Compared to their predecessors, the G60 5 Series is a marked departure from the G30 in terms of styling, with more angular lines on its ‘face’ and a different set of crease lines in profile view. By comparison, the W214 E-Class appears more conservative with its its less radical rework of styling from its predecessor, the W213 facelift.
It somewhat harks back several generations to the E60 5 Series, which was a vast departure from the much-loved E39, and the W211 E-Class which was considerably less radical in its progression from the W210.
The G60 5 Series shares its Cluster Architecture (CLAR) platform with the i5 that premiered simultaneously, as the platform has been designed to accommodate both internal combustion powertrains (with varying levels of electrification) as well as fully electric drive.
By contrast, the W214 E-Class is built on the MRA2 platform which is a predominantly internal-combustion platform; its pure EV equivalent, the EQE, uses the EV-dedicated Electric Vehicle Architecture (EVA).

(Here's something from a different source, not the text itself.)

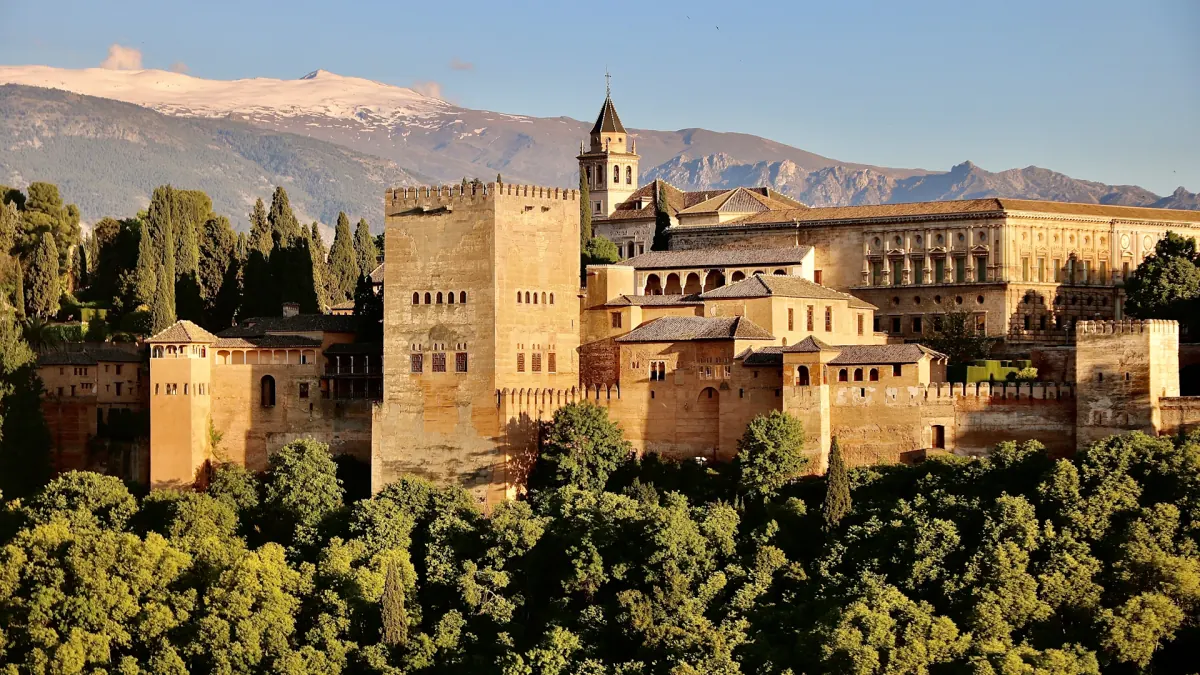 Skyline de Granada al atardecer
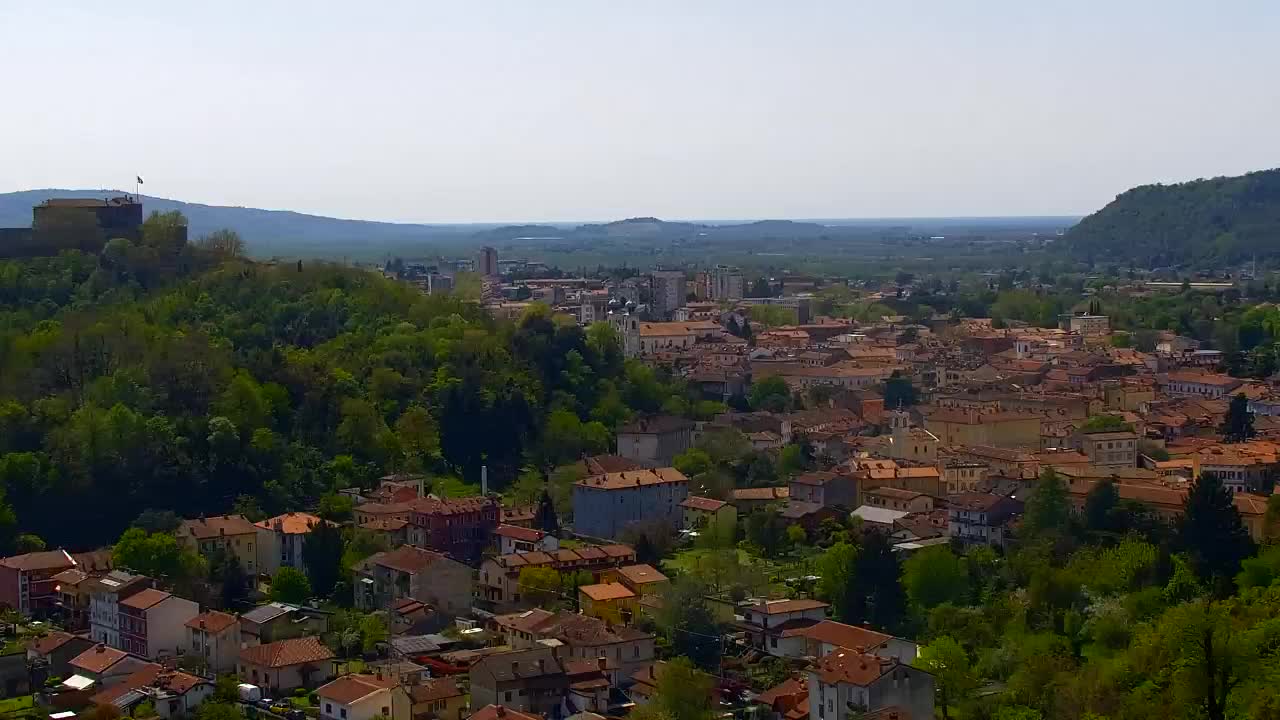 Nova Gorica i Gorica: Prekrasan Pogled iz Franjevačkog Samostana Kostanjevica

Similarities return in the combustion engine selection at launch for these mid-sized models of each German brand, where four-cylinder petrol and diesel engines (208 hp 520i, 197 hp 520d for the G60 5 Series, 204 hp E 200 and 197 hp E 220 d for the W214 E-Class) feature for their native European market.
Meanwhile, both bring to the North American market a more powerful four-cylinder petrol as well as a six-cylinder petrol (255 hp/400 Nm 530i and 375 hp/520 Nm 540i xDrive, and 255 hp/400 Nm E 350 4Matic and 375 hp/500 Nm E 450 4Matic.
Moving inside, the cabin of each car continue to showcase the design language of each brand; display screens take centrestage in this era, and BMW and Mercedes-Benz demonstrate their different approaches, with the Curved Display and Superscreen designs respectively.
Both the G60 BMW 5 Series and the W214 Mercedes-Benz E-Class come loaded with active safety and driver assistance systems; BMW claims a world-first with Active Lane Change Assistant that executes a lane change (where safe) when the driver looks at the exterior mirror after a prompt, while the Attention Assist on the E-Class adds a driver distraction alert.
Feature sets from the consumer electronics realm feature heavily, as both the G60 5 Series and W214 E-Class pack a selfie camera, as well as a host of applications which include games. In this area, the new 5 Series features AirConsole, bringing games such as “Go Kart Go”, “Golazo”, “Music Guess” and “Overcooked”, in addition to video streaming.
For comparison, the new E-Class notably rolled out the availability of the Angry Birds game along with TikTok, Zoom, Webex and more.
With those aspects considered, which of the two gets your pick?